Flyer for what turned into a stabby brunch.
On Sunday, Nov. 1, Bastille Kitchen, 49 Melcher St., was nearing the end of just its third Sunday brunch after being closed most of the summer when a fight broke out that ended with two men stabbed and a third sliced in the hand.
The restaurant has fired the event planner that promoted the brunches and the restaurant's new manager - whose first day was the day of the stabbing - is no longer sure he wants to work there permanently. Residents of the loft apartments above the restaurant in the converted textile factory, already at odds with the restaurant over noise and trash, have grown even more outraged.
As police continue to investigate the incident, A hearing on the incident at the Boston Licensing Board today ended with as many unanswered questions as answers about what happened around 6 p.m. that day - like why the fight started and even whether the men with knives were part of the same party or came together in a fighting ball from different tables.
"We never really thought something like that would have happened," new manager Riccardo Coluzzi said. "It's just unusual to have a stabbing during a daytime brunch," board Chairwoman Kathleen Joyce agreed.
Coluzzi, restaurant attorney William Ferullo and BPD detectives William Gallagher and Eddie Hernandez told the board that the restaurant's third straight Sunday brunch had been going well. Tables of up to six people, each table six feet apart, were having a good time dining on food from a menu - no more brunch buffets. A DJ played music when the live saxophonist wasn't playing. Based on reservations, about 100 people were expected throughout the 2-7 p.m. brunch service; about 40 were inside around 6 p.m.
Ferrullo said it was a welcome respite for the restaurant, which had shut in March due to Covid-19 and only re-opened in October, and then just for its new brunch series - promoted by a company called Bent Ballot Entertainment, which specializes in events aimed at young professionals and college students. For Coluzzi, who has worked as a manager at several Boston restaurants, it was his first day as Bastille's new manager.
But for residents of 49 Melcher, it was a return to the loud noise that they had enjoyed not hearing in the months since March.
Coluzzi said he was at the restaurant's front door, greeting patrons, when he heard a commotion at one table. He said other restaurant workers were already there trying to calm things down and that he tried as well. When the hubbub continued, he said, he told the patrons that's it, he's going to his office to call police - which he then did, around 6:14 p.m., according to his cell records.
Meanwhile, Hayley Marsh, who lives on the second floor of 49 Melcher, was getting fed up as well, not by arguing, but by all the music flowing straight into her living space, again, after several months of peace and quiet.
Around the same time as Coluzzi, she also called 911, with a noise complaint. She acknowledged she felt a bit silly, since it wasn't an emergency, but she and other residents had been told by 311 to call 911. And she felt a bit miffed because "I was home all Halloween weekend because I was instructed by the city not to go out," and here were all these people downstairs congregating in a restaurant, many unmasked, listening to somebody blowing hard through a saxophone.
She told the board she didn't get any sense of urgency from the 911 call taker. But then she went downstairs and saw and heard "10 to 15 cops cars and ambulances coming down the street," and thought, oh, goodness, did they overreact to her noise call? She asked a cop at the scene what was going on; he told her to leave right away because "it was a dangerous crime scene at that point."
Hernandez said he arrived on scene not long after to find broken glass on the floor, tables shoved to the sides, broken furniture and drops of blood. And in the middle of it all, he saw restaurant workers on the floor, applying pressure to one man's fresh stab wounds to the stomach and hip. Another man had been stabbed in the back. Paramedics took the two to nearby hospitals, one to Tufts, the other to BMC.
Later, a third man walked into the Mass. General emergency room with a freshly sliced hand, Hernandez said.

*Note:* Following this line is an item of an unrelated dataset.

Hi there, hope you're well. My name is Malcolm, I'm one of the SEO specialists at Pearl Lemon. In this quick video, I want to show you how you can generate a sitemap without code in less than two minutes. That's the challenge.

Gallagher also arrived on scene. The restaurant has surveillance cameras, and he asked for copies of the video, but Coluzzi couldn't retrieve anything from them, because he didn't have the password. It turned out that didn't matter, though - Ferullo said the restaurant had installed a new recording system that, it turned out, was incompatible with several of the restaurant's cameras, so ithe system hadn't actually recorded anything from those cameras that day.

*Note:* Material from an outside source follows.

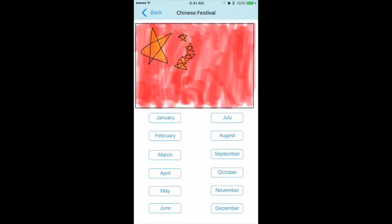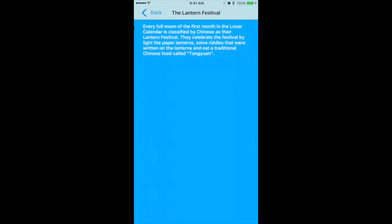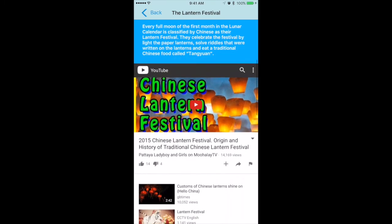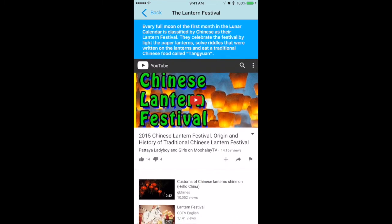Then you can choose the country which has the festival that you want to know about or traveling to. After you choose the country, select a month on the month selection menu. Then select the festival that you are interested in. The app will then show you a brief summary and a YouTube video further explaining the festival.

Coluzzi said that nothing at all appeared amiss up until the fight broke out. Both patrons and the seven other employees on duty that day seemed to be having a good time and nobody appeared to be intoxicated. But, again, he could not say what happened, and he said none of the employees he talked to had any idea, either.
"So essentially nobody saw anything?" board member Liam Curran asked. No, Coluzzi replied.
Ferullo said that because of the incident, Bastille Kitchen is shut again, and will stay shut until owners find somebody to present to the board as the official manager of record. They had hoped that would be Coluzzi, but now "Mr. Coluzzi is still contemplating that after his baptism of fire here," Ferullo said.
The board meets Thursday to decide whether the restaurant could have prevented the stabbings and, if so, whether any punishment is warranted.